The reply to the records below should contain exactly the lines from the line with "156 Laurel Green" through the line with "AI Saying I'm a Snappy Intelligence", and nothing besides.

Saved data entries

********

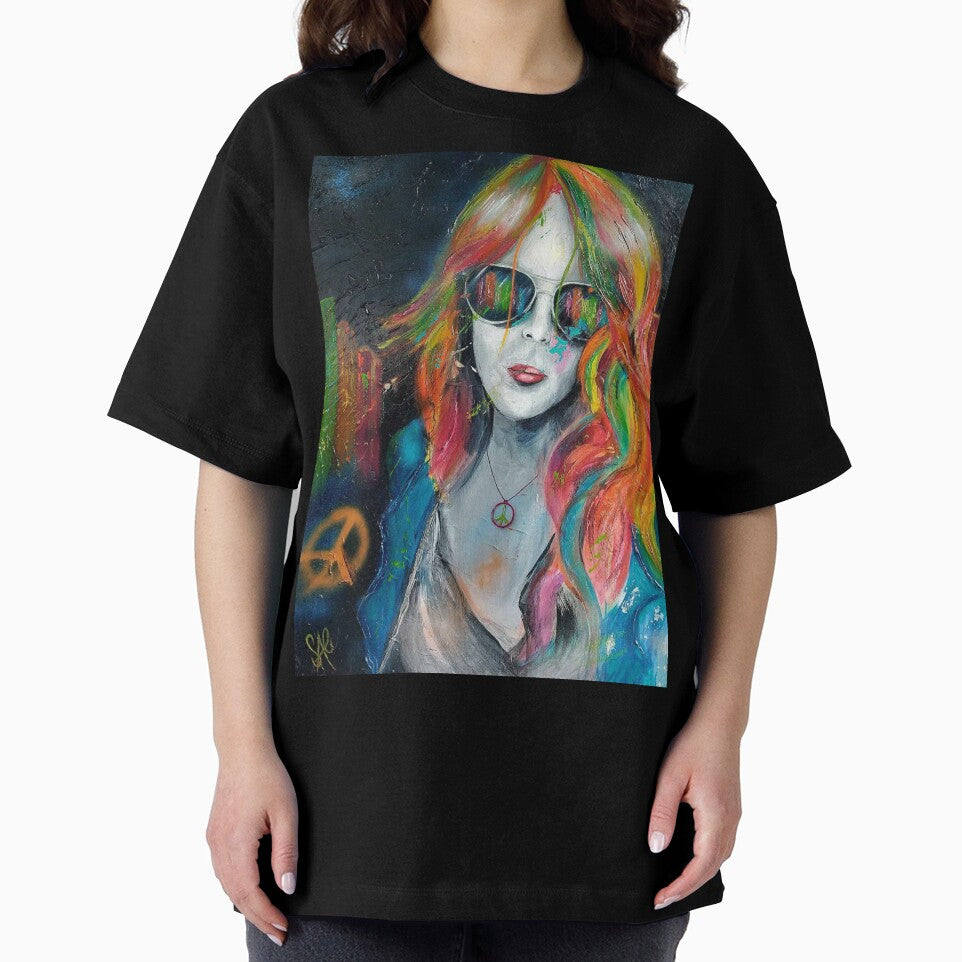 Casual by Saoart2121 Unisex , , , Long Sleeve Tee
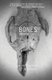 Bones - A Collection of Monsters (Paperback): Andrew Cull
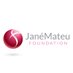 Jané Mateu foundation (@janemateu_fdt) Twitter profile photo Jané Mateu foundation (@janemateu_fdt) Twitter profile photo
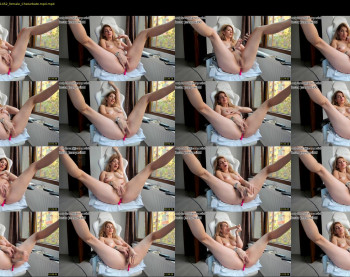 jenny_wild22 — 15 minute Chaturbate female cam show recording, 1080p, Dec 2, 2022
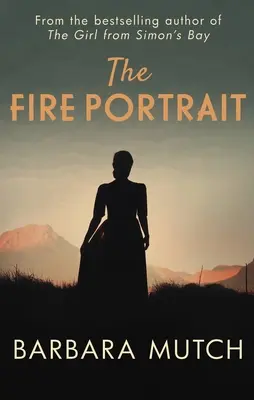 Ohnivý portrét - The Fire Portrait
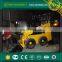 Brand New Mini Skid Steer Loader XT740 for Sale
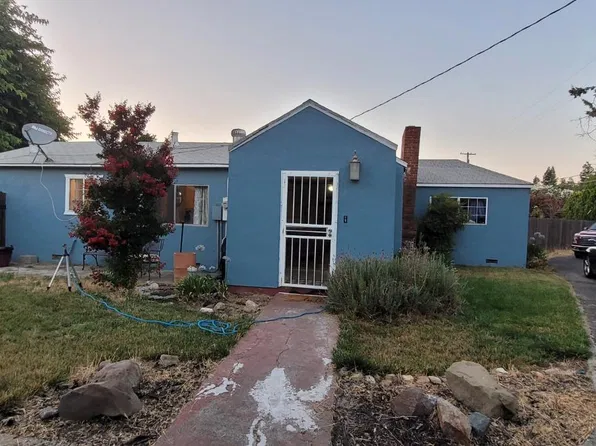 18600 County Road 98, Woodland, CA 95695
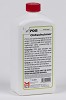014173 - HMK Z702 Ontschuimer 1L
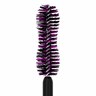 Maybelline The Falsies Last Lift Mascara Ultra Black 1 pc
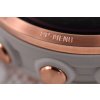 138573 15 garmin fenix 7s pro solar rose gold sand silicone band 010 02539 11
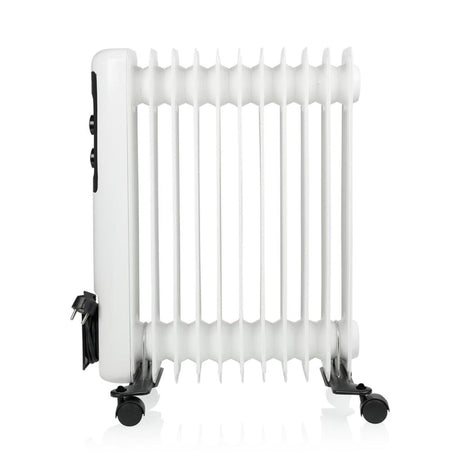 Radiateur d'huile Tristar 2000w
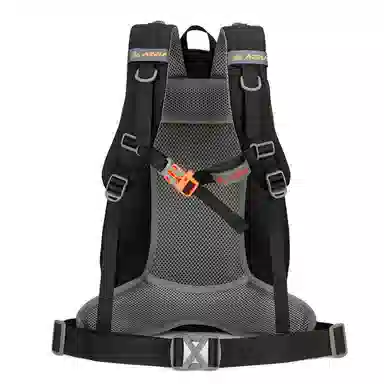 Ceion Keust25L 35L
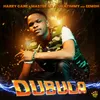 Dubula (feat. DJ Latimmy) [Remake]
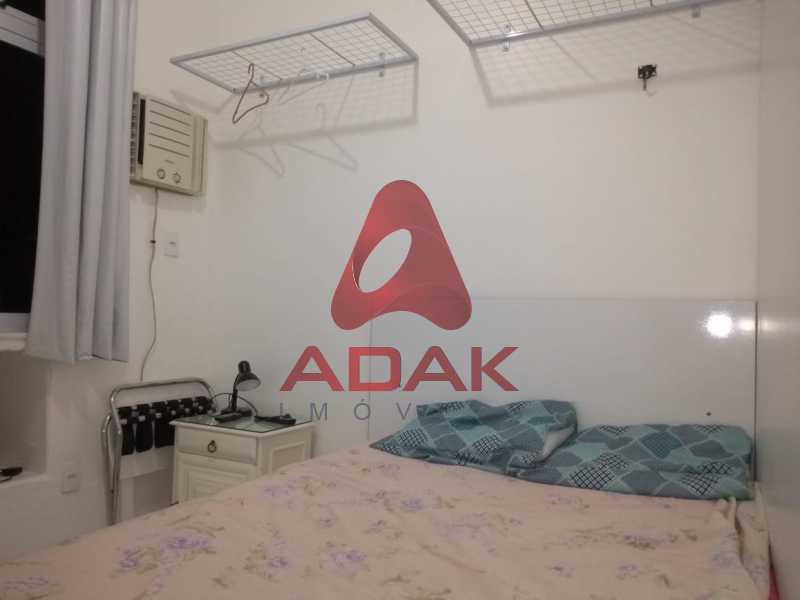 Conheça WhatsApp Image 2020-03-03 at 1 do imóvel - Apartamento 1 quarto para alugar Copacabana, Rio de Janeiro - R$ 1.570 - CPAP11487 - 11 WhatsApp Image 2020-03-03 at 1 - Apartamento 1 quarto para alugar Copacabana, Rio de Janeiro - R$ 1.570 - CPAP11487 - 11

********

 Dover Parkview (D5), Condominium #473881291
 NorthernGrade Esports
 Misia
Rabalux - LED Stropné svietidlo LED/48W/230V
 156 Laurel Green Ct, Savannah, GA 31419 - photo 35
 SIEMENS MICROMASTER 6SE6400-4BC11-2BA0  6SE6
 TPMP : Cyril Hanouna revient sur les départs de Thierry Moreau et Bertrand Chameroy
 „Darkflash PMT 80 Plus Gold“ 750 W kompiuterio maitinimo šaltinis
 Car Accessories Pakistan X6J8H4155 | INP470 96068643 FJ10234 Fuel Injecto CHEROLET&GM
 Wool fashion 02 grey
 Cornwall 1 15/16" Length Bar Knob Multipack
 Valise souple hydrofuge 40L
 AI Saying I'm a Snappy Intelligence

********

> **Solved exercise**
 156 Laurel Green Ct, Savannah, GA 31419 - photo 35
 SIEMENS MICROMASTER 6SE6400-4BC11-2BA0  6SE6
 TPMP : Cyril Hanouna revient sur les départs de Thierry Moreau et Bertrand Chameroy
 „Darkflash PMT 80 Plus Gold“ 750 W kompiuterio maitinimo šaltinis
 Car Accessories Pakistan X6J8H4155 | INP470 96068643 FJ10234 Fuel Injecto CHEROLET&GM
 Wool fashion 02 grey
 Cornwall 1 15/16" Length Bar Knob Multipack
 Valise souple hydrofuge 40L
 AI Saying I'm a Snappy Intelligence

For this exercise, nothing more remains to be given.